(Data extracted from a collection)
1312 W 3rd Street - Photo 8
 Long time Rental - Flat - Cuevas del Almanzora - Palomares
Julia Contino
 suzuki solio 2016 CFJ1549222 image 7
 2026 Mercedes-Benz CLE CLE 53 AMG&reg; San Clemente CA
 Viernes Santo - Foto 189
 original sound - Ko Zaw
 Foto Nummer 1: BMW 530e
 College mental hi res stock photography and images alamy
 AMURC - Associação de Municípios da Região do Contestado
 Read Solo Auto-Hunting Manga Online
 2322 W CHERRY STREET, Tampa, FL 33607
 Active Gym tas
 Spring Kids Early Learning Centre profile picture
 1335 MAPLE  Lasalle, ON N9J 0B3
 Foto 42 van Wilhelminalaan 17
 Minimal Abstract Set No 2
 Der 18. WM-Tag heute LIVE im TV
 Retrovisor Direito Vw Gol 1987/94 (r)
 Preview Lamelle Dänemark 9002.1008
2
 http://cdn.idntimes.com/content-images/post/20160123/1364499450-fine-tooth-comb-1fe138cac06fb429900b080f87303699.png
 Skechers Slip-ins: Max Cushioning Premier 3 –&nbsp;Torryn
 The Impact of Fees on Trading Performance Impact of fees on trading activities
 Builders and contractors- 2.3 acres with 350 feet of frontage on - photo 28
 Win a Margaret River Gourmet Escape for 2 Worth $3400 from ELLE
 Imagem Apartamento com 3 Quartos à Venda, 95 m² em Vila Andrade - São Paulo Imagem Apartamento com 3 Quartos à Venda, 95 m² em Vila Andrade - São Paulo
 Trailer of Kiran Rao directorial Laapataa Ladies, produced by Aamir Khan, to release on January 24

**Work request**
What number of lines in the records contain the word "images"? Answer with that number alone.

**Exercise solution**
2